Most of them were merely looking put out by how rude Dr. Van Helsing had been.
Most had not noticed the small cruciform engraving upon the bottle, nor the curious clearness and purity of the water.
And, save for Dracula's wives, none of the vampires and none of the humans in Mina's army had ever seen what holy water
did
to vampires when it struck them.
That changed right now.
"AUUUUUUUUUUUUGH!" Mina screamed, grabbing at her face. Her eyeballs felt as if they had been doused in scorching acid, acid that worked into her every pore, leaving her skin peeling and bubbling between her fingers as she stumbled backwards, into Jenny and Lucy's arms. She choked back a cry -- and heard Jenny's voice, fierce and firm.
"Van Helsing, what the
fuck
!?"
Dazedly, barely able to think straight through the pain, Mina was able to feel a twinge of comfort -- she had never heard Jenny sound so confident and so in control when she had been Jonathan. It really...was remarkable...
Mina passed out.
***
Mina swam through unconsciousness -- hearing, faintly, as if through the vast echoing tombs of the Earth itself, the sounds of conversation. She struggled to piece together words, to place voices to faces, but it was all so dark and hard to process.

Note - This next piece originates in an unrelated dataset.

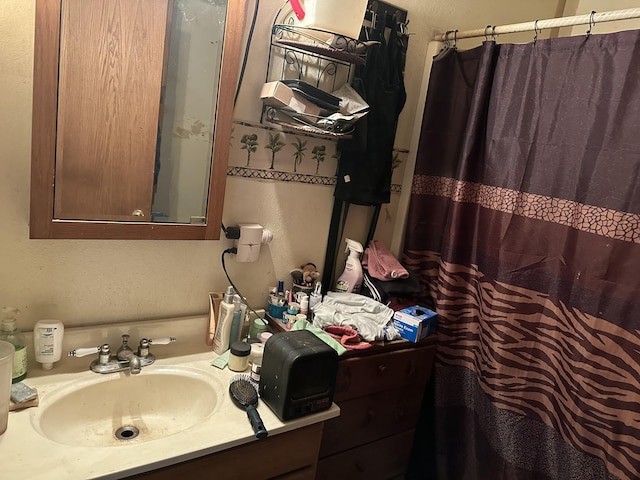 bathroom featuring vanity and a shower with curtain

She lapsed back into a deeper, darker sleep, and allowed the world to pass her by for longer. Later, who knows how long, she came back to some semblance of awareness -- first, of the faintest pressure against her face. She opened her eyes slowly, then reached up with her palm and pressed it gently against her face...and felt that she was wrapped in bandages. Her tongue darted out and tasted the delicious tang of blood.
Vitae, dripping slowly down her throat, from the bandages...

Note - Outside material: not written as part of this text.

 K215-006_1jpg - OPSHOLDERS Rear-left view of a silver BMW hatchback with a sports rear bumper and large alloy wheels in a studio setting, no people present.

And more clearly, now, she heard conversation.
"...without a doubt, but as you saw, the weaponry of our vehicles was not equal to the task. I propose we take the heat rays back to the United States, where we can learn how to make them not in the dozens, but by the hundreds, by the thousands!"
"By then, it will be too late. You heard what Lucy saw!" Jenny's voice.
"If we can be being of trusting of the-" A thickly accented voice muttered in.
"Shut up, Van Helsing!" Jenny's voice again, louder this time. "You've done enough damage."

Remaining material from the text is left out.